Overengineered Zone Bar Prediction

At our mutual place of employ, a co-worker started keeping track of what flavors of zone bars were being put in the snack basket, and was curious to see if, given the history of bars, he could predict what the future might look like.

I was inspired to try and model this with a Markov chain, which I'd never used in 'real life' before, but had read about.

There are 2 kinds of bars:

FG: Fudge Graham
CPB: Chocolate Peanut butter.

The file data.txt has a list of bars from each day he checked the basket.

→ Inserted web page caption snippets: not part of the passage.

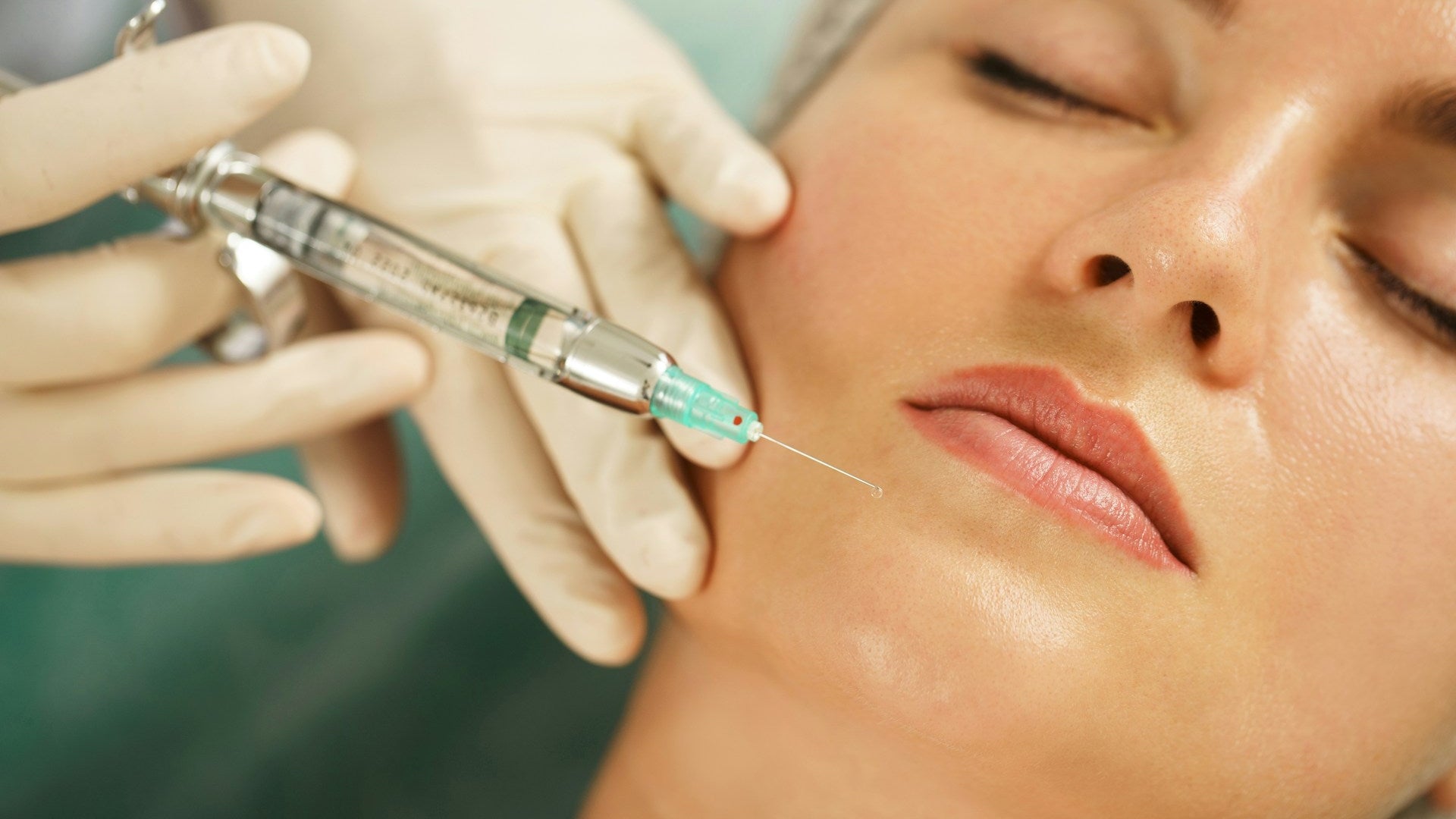 Chin Filler Treatment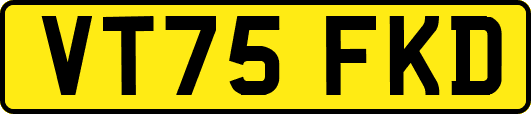 VT75FKD
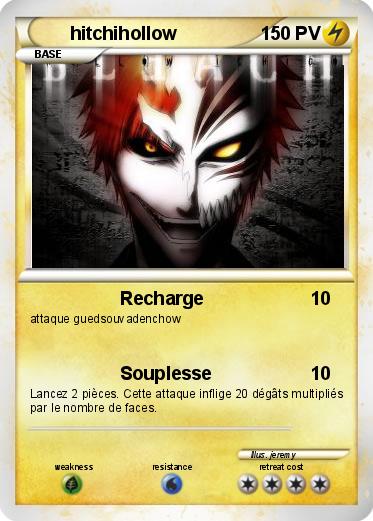 Pokemon hitchihollow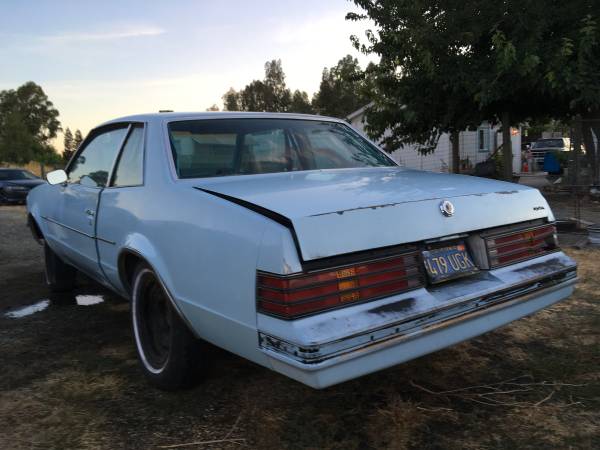 RARE 1978 Pontiac LeMans G Body Rust Free Project LS READY for sale in Vacaville, CA – photo 9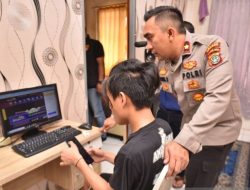 Polisi Ungkap Praktik Judi Online Cengkareng Dikendalikan dari Kamboja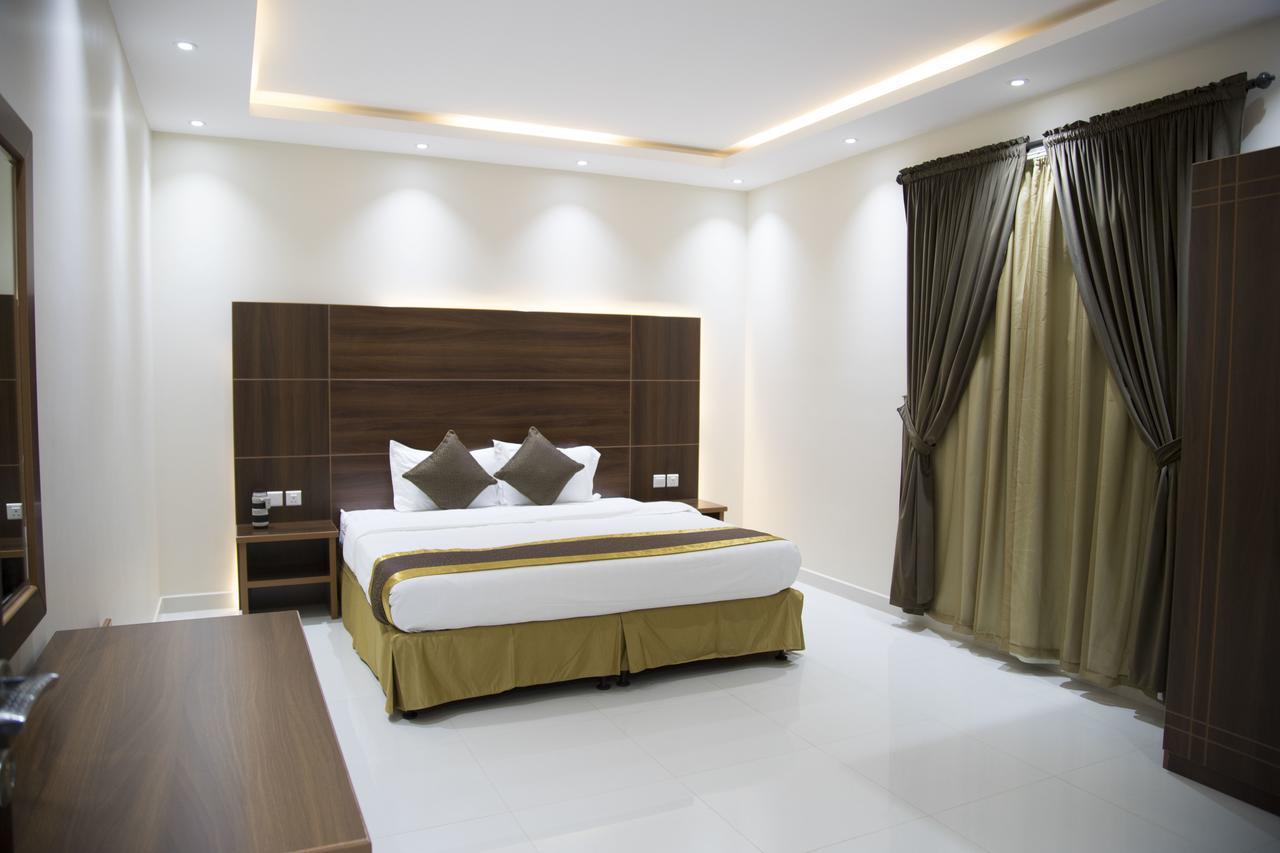 Alharir Hotel Apartments Hafar Al-Batin Ngoại thất bức ảnh
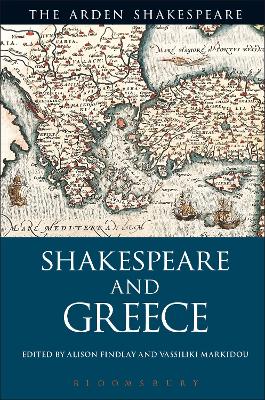 Shakespeare and Greece by Professor Alison Findlay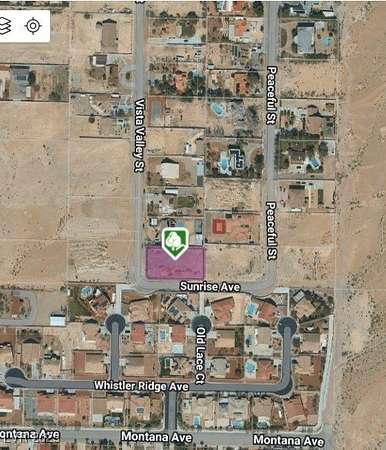 0.58 Acres of Residential Land for Sale in Las Vegas, Nevada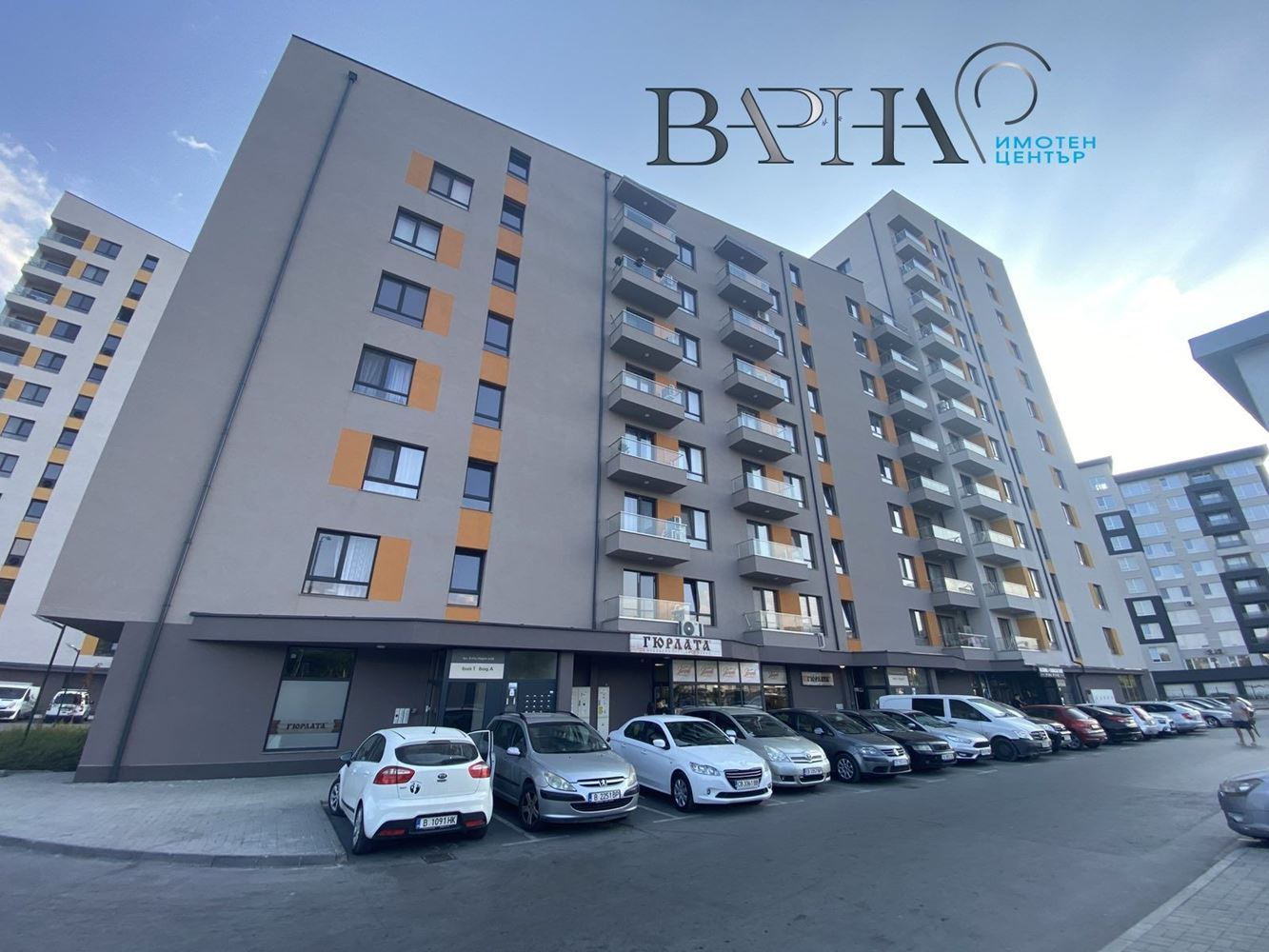 2-стаен - Варна, Кайсиева градина - 0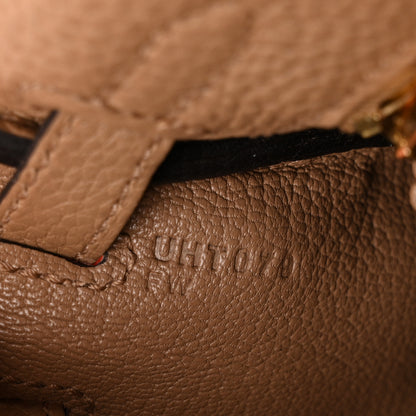 Hermes Togo Kelly Retourne 25 Chai 7 of 11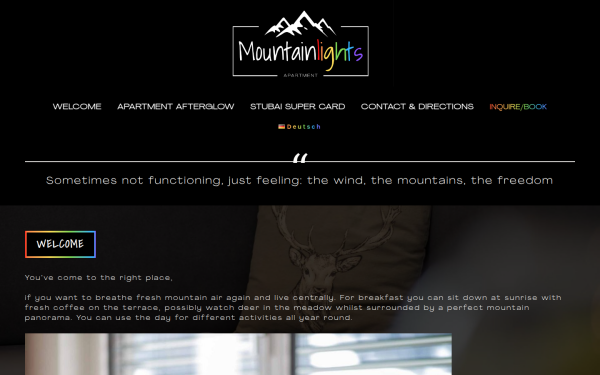 www.mountainlights.at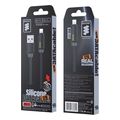 charging cable wk i6 black 1m wdc 27i 3a extra photo 1
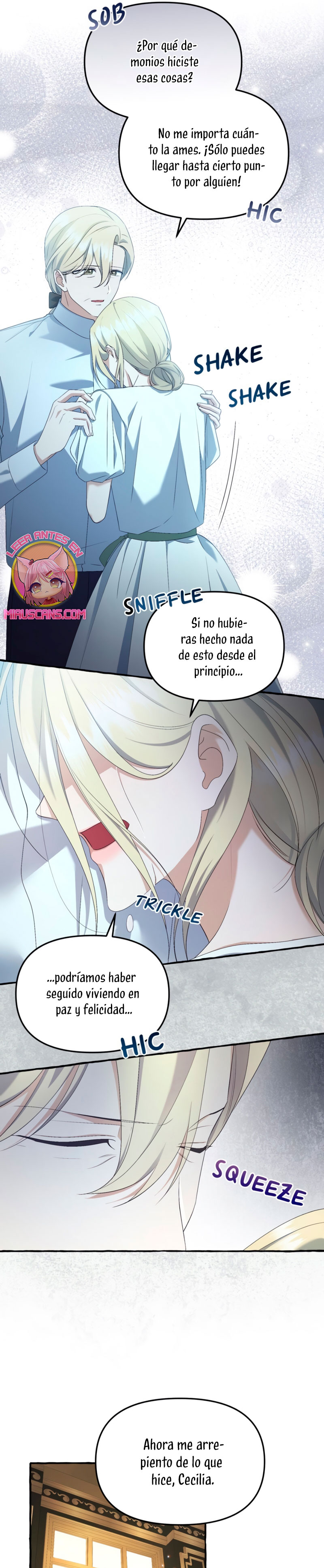 ¿Aún estamos enamorados? Capítulo 62 - Página 12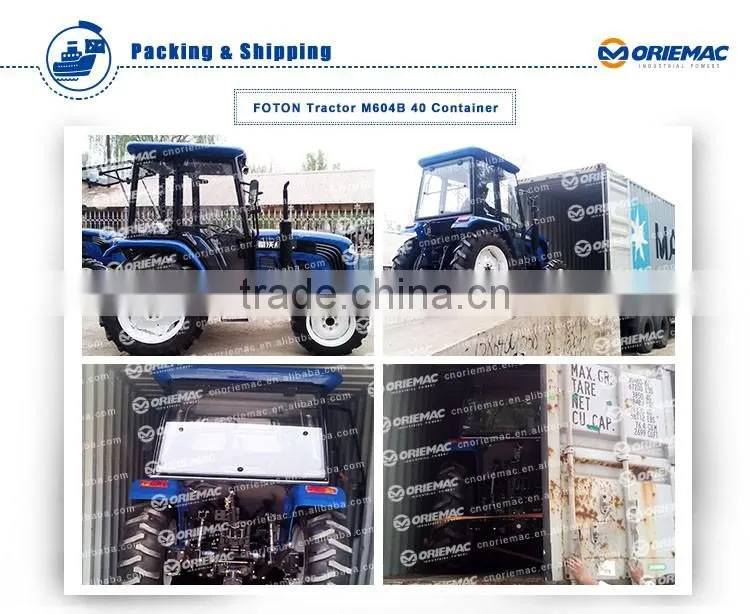 Lutong 300 Mini farm tractor 30hp with CE Price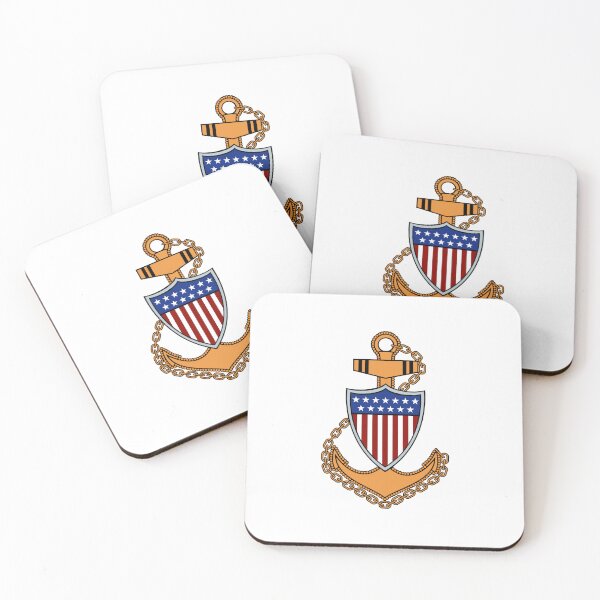 Item preview, The Chief-America Shield designed and sold by SailorsGraveStu.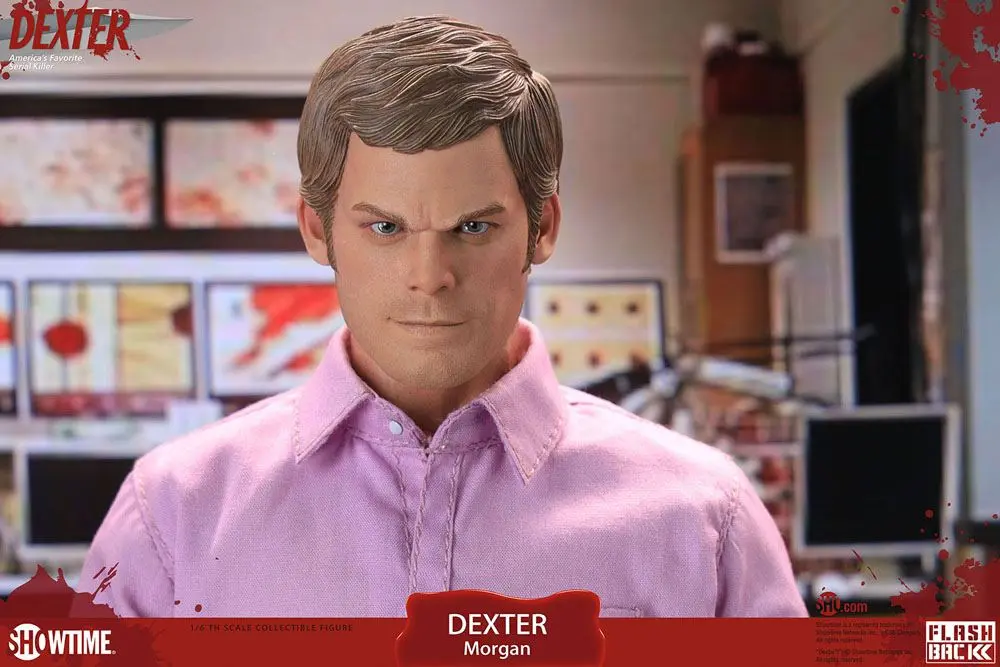 Akcijska figura Dexter 1/6 Dexter Morgan 30 cm fotografija izdelka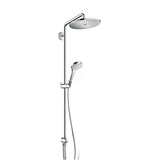 Hansgrohe Croma Select S Showerpipe 280 1jet Reno chrom 26793000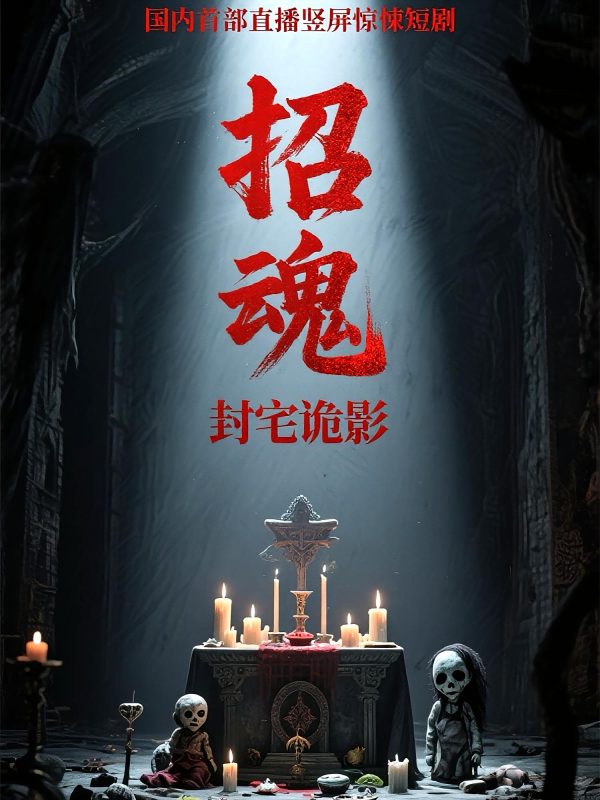 《招魂封宅诡影》-VIP部落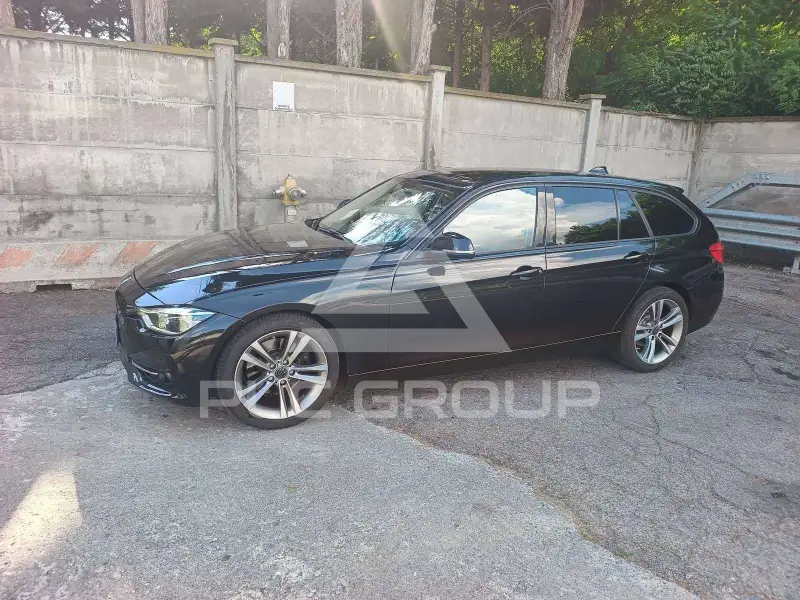 2016 BMW 325
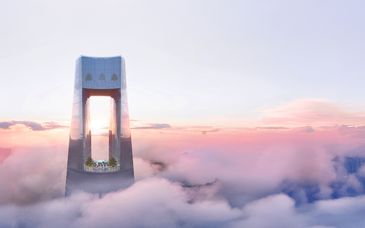 Ciel Dubai Marina, Vignette Collection by IHG 5*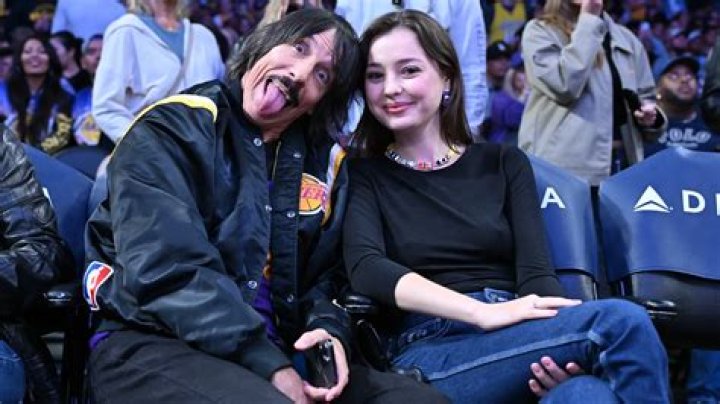 Anthony Kiedis' Girlfriend: Explore His Love Life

To run this, you'll need to grab the python markov chain library. It needs to be installed from git, as per the readme.



In [3]:

    
import pykov

We need to calculate how often a certain transition happens. Given a bar type, what are the odds of it switching types? The first thing that requires is calculating that (which seems like it'd be a function of pykov, and probably is? But we can calculate by hand.)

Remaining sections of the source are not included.